This fall we’ve been working extensively with executive teams striving to transform their cultures to boost safety, customer service, quality, and leadership at all levels. I wrote about some of this work around our Commitment Continuum in an earlier blog post which was also published in our October issue of The Leader Letter (“Lasting Culture Change Means Going Beyond Passionate Lip Service to Involved Leadership”).
We hear many sermons given by senior managers preaching the virtues of improving service/quality, safety, efficiency, or better leading (“people: our most important resource”). In turn, executives are causing their managers to place their left hand over their heart, raise their right hand and pledge allegiance to teamwork, customers, accountability, employee engagement, change, and the like.
But little changes. The people on the frontlines actually selling, making, delivering, or supporting the products or services grow ever more wary and cynical about the rising din of words and inconsistent actions. In many executive retreats we’ve facilitated, a common issue — and often a source of frustration — emerges: how do we get our people to be more concerned about service, quality, innovation, teamwork, safety, continuous improvement, or whatever values and priorities the executive team has determined it wants to instill? The frustration comes from a sense that managers, supervisors, and frontline performers aren’t getting the message. They need to be “smartened up.”
Values are a contagious affliction that spreads from a team or organization’s leaders. The key question is: are yours worth catching? As we survey customers, audit the cultural climate, and work with others throughout the organization, it’s clear that everyone is marching to roughly the same beat as the management team at the top of the department, division, or company. The values are being followed and lived by the majority of the organization — that is, the values as exemplified by senior management actions. All too often, senior managers don’t recognize their own values being reflected back to them. Their intended values are out of step with their lived values.
Senior executives live in an organizational fishbowl. Every word and action is analyzed and studied for its deeper meaning of what’s really important. These individual stories and examples are discussed throughout the organization and become part of the folklore from which organizational members define priorities, meaning, and culture. E-mails quickly fired back or forwarded with unguarded comments, a casual aside at a meeting, what’s first on meeting agendas, who’s invited, what seems to be uppermost on the senior executive’s mind according to the questions he or she asks — these all become grist for discussion and interpretation of what senior management values most.

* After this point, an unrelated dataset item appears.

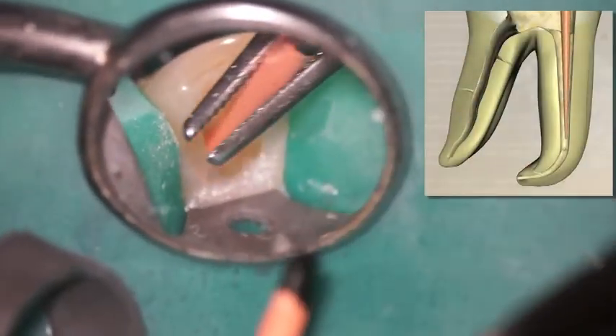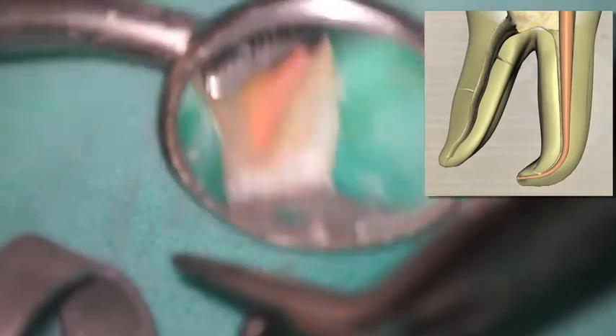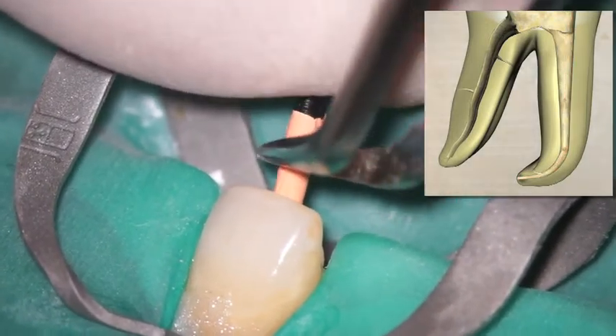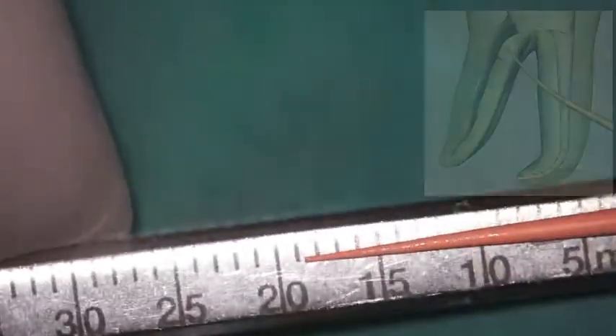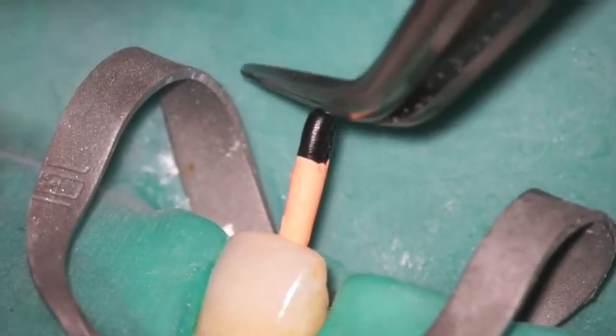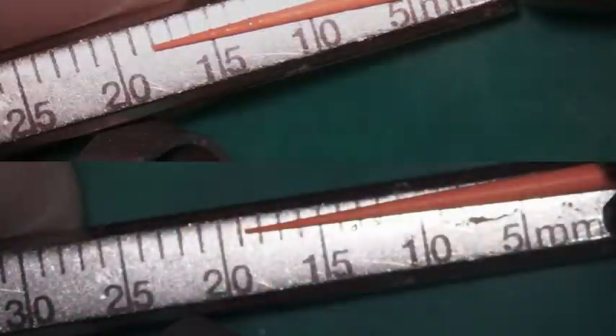Here we're fitting a gutta percha cone. Anybody that's done any significant amount of warm gutta percha realizes that based upon the size of the apical foramen and various clinical skills based on experience, it's important to take that gutta percha cone and cut it back, creating what we refer to as apical tugback. This allows us to not only gauge the size of the apical foramen, but also determine how far back we want to cut our cone, because as we heat that gutta percha and condense it vertically, it's actually going to move closer to the apical foramen.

So it’s not enough for the senior executive team to be “committed” to whatever the change effort may be focused on. That’s like asking if you are “committed” to family, world peace, or being a good person. There’s lukewarm “commitment” and then there’s “commitment” that’s bordering on obsession. Since we all know that actions speak much louder than words, senior managers need to work hard on visibly signaling their commitment so strongly and consistently that there can be no room for doubt about how critical the culture change effort is to the organization’s future.
An industrial magnate once told Mark Twain that he would like to climb Mount Sinai and read aloud the Ten Commandments. Twain is reported to have responded by saying, “Why don’t you just stay home and live them?” The American poet and scholar, Henry Wadsworth Longfellow, could have been talking about leadership when he observed, “We judge ourselves by what we feel capable of doing, but others judge us by what we have already done.”
Executives can only lead the improvement journey from the front. There can be no delegating or mere cheerleading. That means that the executive team’s daily management style and practices become a pivotal part of setting the tone, pace, style, and example for the whole improvement effort.